Finishing last week’s New York Times Magazine section (I know, it takes me way too long to read stuff and we aren’t even discussing the books!) I came upon an article on friendship. The author was discussing a friend he had in Ireland when he was a child, and how he hasn’t seen him in decades. He has no photo of his friend, doesn’t know if he’s alive, living on Mars, singing in a rock band. There was no social media to preserve their young faces.
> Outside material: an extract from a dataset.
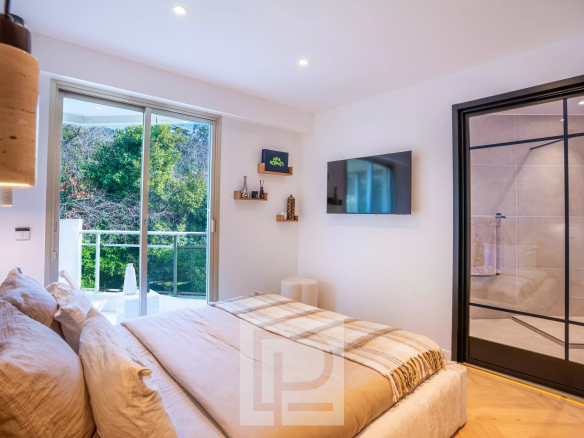 Chambre d'appartement rénové avec vue sur la verdure à Cannes, incluant salle de bain attenante.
During the holiday season in particular, but truly more often, I think about how loosely the word ‘friend’ is used. Has technology degraded the meaning of the word? “She has 4036 Facebook friends.” Really? You don’t know half of them. Friends that follow you on a screen but know little about your real life; like your favorite color, whether you like cats or dogs or both, what books you read, when your heart last broke. And if by some fluke one did have 4036 friends, how exhausting it would be to repeat your story that many times. Ugh – kill me now.

Acquaintances and followers are not friends, they are just names. Friendship has a depth, a richness, that cannot be rushed, or counted in Likes, it must be cultivated and that takes time. Instantaneous friendships are not friendships. They require no commitment, there is no loyalty. These ‘friends’ will not show up when you lose your job, your baby is sick, or your parent dies.

And we have no one but ourselves to blame. Friendship and its many iterations is a slice of life, for good friends-family members-spouses, it can be a big slice, with lots of layers and flavors. Andrew O’Hagan, the author of this article, states: “…it’s the art of friendship that warms you in the various winters of your discontent…”

Friendship is powerful, let us not dilute the concept with superficiality and distance.

When you are in trouble you don’t need 4000 people, you need a few good friends, who can make the difference the other 4000 can’t.